In the records below, find the lines that include "Large" and copy each.

■ ■ ■ ■

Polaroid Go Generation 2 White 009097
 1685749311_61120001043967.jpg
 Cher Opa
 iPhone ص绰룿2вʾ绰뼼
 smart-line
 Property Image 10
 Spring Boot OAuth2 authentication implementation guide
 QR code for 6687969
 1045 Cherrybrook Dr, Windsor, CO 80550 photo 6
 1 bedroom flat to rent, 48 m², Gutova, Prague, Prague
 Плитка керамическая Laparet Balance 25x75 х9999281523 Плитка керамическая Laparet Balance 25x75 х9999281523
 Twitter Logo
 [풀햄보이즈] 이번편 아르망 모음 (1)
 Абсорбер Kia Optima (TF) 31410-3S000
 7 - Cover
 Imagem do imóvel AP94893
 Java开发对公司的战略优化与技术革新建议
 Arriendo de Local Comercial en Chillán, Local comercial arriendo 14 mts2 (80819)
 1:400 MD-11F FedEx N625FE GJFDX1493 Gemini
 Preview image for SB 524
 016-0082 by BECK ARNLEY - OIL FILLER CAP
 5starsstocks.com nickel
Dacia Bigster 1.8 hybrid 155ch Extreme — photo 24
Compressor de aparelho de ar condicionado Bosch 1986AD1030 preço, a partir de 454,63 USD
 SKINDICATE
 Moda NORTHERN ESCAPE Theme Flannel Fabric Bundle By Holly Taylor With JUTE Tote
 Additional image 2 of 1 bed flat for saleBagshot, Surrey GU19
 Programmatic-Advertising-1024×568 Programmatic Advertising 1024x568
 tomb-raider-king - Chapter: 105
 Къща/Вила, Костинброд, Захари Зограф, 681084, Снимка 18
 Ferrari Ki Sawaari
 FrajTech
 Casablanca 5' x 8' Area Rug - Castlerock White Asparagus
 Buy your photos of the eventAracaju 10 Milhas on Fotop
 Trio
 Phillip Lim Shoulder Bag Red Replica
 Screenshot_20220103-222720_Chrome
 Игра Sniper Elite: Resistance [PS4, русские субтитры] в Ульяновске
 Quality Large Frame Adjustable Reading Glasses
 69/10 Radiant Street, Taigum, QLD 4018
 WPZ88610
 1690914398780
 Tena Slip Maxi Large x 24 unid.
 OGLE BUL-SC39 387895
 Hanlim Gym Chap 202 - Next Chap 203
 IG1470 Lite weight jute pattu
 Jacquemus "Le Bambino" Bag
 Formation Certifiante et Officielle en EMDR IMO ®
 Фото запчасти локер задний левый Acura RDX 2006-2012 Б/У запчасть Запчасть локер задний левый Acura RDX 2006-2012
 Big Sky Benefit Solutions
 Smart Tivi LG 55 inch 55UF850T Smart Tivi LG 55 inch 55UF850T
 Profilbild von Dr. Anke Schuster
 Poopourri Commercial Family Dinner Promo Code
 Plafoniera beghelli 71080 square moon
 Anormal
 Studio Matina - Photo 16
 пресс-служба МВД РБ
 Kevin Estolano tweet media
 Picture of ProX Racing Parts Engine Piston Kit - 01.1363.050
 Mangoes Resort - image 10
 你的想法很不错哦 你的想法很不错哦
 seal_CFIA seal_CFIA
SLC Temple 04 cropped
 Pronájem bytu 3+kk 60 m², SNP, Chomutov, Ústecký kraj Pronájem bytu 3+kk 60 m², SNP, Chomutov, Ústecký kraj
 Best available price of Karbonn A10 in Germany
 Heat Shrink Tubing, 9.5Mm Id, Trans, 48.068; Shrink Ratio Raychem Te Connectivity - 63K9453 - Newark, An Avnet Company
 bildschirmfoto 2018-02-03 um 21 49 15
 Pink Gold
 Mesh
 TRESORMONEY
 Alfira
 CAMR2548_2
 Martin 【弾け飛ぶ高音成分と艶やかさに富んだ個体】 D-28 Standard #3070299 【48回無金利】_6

■ ■ ■ ■

Worked solution:
 Quality Large Frame Adjustable Reading Glasses
 Tena Slip Maxi Large x 24 unid.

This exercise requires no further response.